Arsenic (As) is a metalloid and a member of group V of the periodic table of elements. Being a metalloid, it is capable of forming alloys with metals and it also readily forms covalent bonds with carbon, hydrogen, and oxygen. Arsenic exists in several different oxidation states, and its chemistry is rather complex. Arsenic compounds are used as preservatives of animal hides, in pigments and dyes, agricultural pesticides, glass manufacture, and various pharmaceutical substances (ATSDR, 2000).

Several studies have shown high levels of these metals in water bodies (Chintaka et al., 2016; Mohankumar, Hariharan, & Rao, 2016), and fish being a major source of protein in the diet of humans and other lower animals have been shown to be a good bioaccumulator of these metals (Bradley & Morris, 1986; Dimari & Hati, 2009; Ololade & Ajayi, 2009; Ololade, Lajide, & Amoo, 2007; Roesijadi, 1996). This have raised great concerns on the safety of food and food supplies on human health (Bajpai & Upreti, 2012; Iwegbue, 2011).

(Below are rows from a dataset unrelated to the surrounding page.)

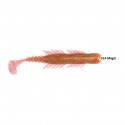 Виброхвосты Lucky John BUGSY SHAD 2.8" 140107-***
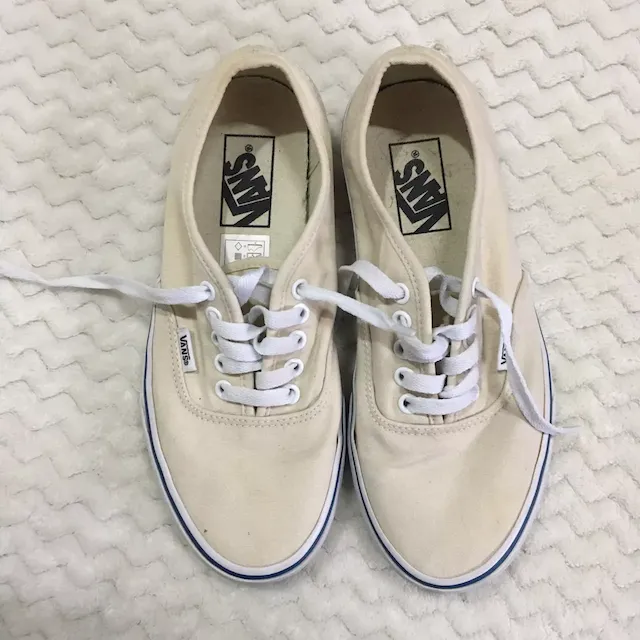 Vans · Talle AR 38
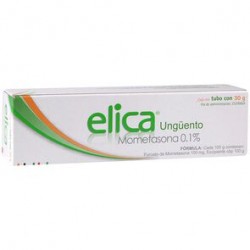 Elica 0.1% Unguento 30G
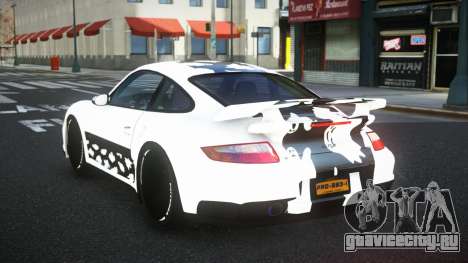 Porsche 977 Elbri S6 для GTA 4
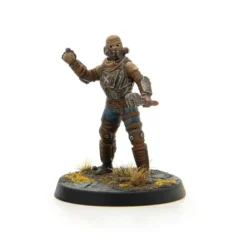Wasteland Raiders Core Box (Plastic)
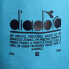 Фото #3 товара Diadora Bermuda Manifesto Shorts Mens Blue Casual Athletic Bottoms 178201-65089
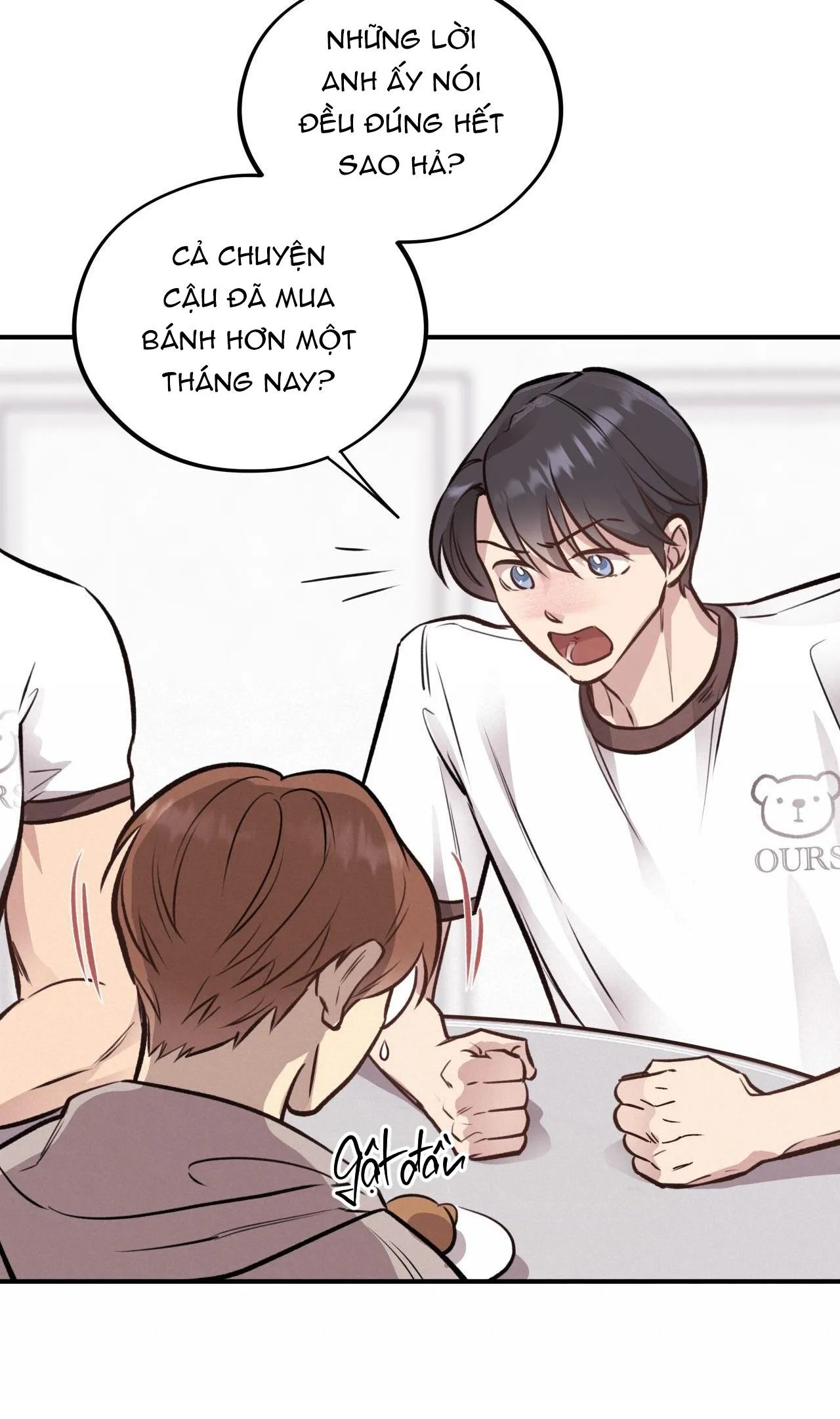 HONEY BEAR Chapter 17 Trang 38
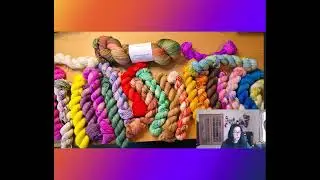 2024 Advent Barnyard Knits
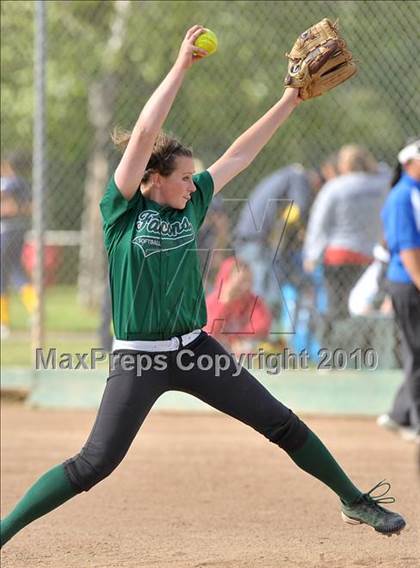 Thumbnail 2 in River Valley vs. Benicia (CIF SJS D3 Playoffs) photogallery.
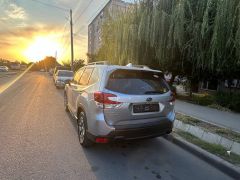 Сүрөт унаа Subaru Forester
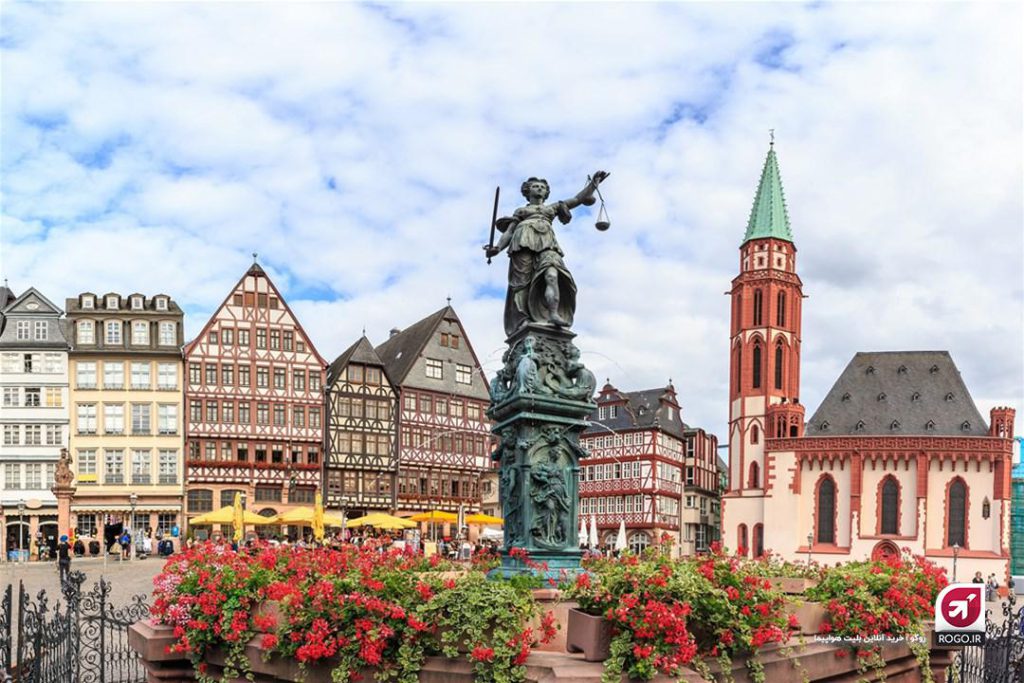 فرانکفورت اروپا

Previous studies of the effect of cadmium and arsenic on animal models focus primarily on only one metal in high concentration and direct exposure. However, environmentally, humans are exposed to a mixture of toxic elements mostly through the food chain and water. Studies are therefore needed to assess the combination of these elements through the food chain. These models have been applied to numerous mixtures (Lu et al., 2014; Spurgeon et al., 2010; Yuan et al., 2014). However, limited data is available on the toxic effects of cadmium and arsenic through the food chain. In addition, available experimental evidence indicates that the absorption and toxicity of both elements are influenced by their mode of metabolism (Masami & Manabu, 2000; Obinaju, 2009). Thus, the difference in the mode of metabolism of cadmium and arsenic through the controlled food chain makes the need for a study on the comparative absorption and toxicity of both elements imperative. The present study thus investigates the effect of cadmium and arsenic in single and mixture through the food chain on mRNA expression of the liver and kidney of experimental rats.

Materials and methods

Exposure of fish to metals and diet preparation

Fish obtained from a local fish pond in Orogun, Delta State, were divided into groups and left to acclimatize for 1 week in plastic troughs. The fish were divided into group A which served as the control. Fish in groups B, C, and D were exposed to cadmium, arsenic, and cadmium + arsenic at a concentration of 0.4 mg metal/100 ml of water for 1 month. The concentration of 0.4 mg/100 ml of water was done to achieve the highest accumulation of these metals in the tissues of the fish at a sublethal dose based on previous studies (Ahmad, Qureshi, Manohar, Kaur, & Khaliq, 2011; Aruljothi & Samipillai, 2014; Chaudhari, Harshad, & Kakade and Thorat S. R., 2015; Kumar & Banerjee, 2012). The water was changed daily, and so contamination was repeated on a daily basis also. On the completion of 1-month exposure, the fish were sacrificed, strictly maintaining their groups; dried in an oven; and used as a source of protein in compounding the experimental diet. The experimental diet was made up of 20% protein (contaminated fish), 55% carbohydrate, 10% fats, 10% fiber, and 10% multivitamin/mineral mix.

Treatment of animals

Sixty-four adult male albino rats of Wistar strain were obtained from the animal house of the Faculty of Science and used for the study. The rats were divided into groups A, B, C, and D which represents the control, cadmium-contaminated, arsenic-contaminated, and cadmium + arsenic-contaminated groups, respectively. Rats were allowed free access to the experimental diet and water for a period of 1 and 3 months. After the 1-month exposure, half the number of rats in each group were sacrificed and the other half sacrificed after the 3-month exposure under chloroform anesthesia. Animal treatment is in accordance with the Nation Institute of Health guidelines (1985).

Metal analysis

The feed and tissue samples were digested with 20 ml of concentrated acid mixture (98% w/v HNO3/HClO4; 4:1 v/v) at 100 °C. After digestion of samples, the Cd and As concentrations in the tissues and feeds were measured using a Varian AA 1475 spectrophotometer. An International Atomic Energy Agency (IAEA) reference biological sample was used for the evaluation of the accuracy and precision of the analysis.

Biochemical analysis

Tissue homogenates were prepared and centrifuged, and supernatant used for biochemical analysis. The activities of superoxide dismutase (SOD), catalase (CAT), and glutathione-s-transferase (GST) were assayed based on the methods of Misra and Fridovich (1972), Sinha (1972), and Habig, Pabst, and Jakoby (1974), respectively. The levels of reduced glutathione (GSH) and lipid peroxidation were determined using the method of Beutler, Duron, and Kelly (1963) and Gutteridge and Wilkins (1982), respectively.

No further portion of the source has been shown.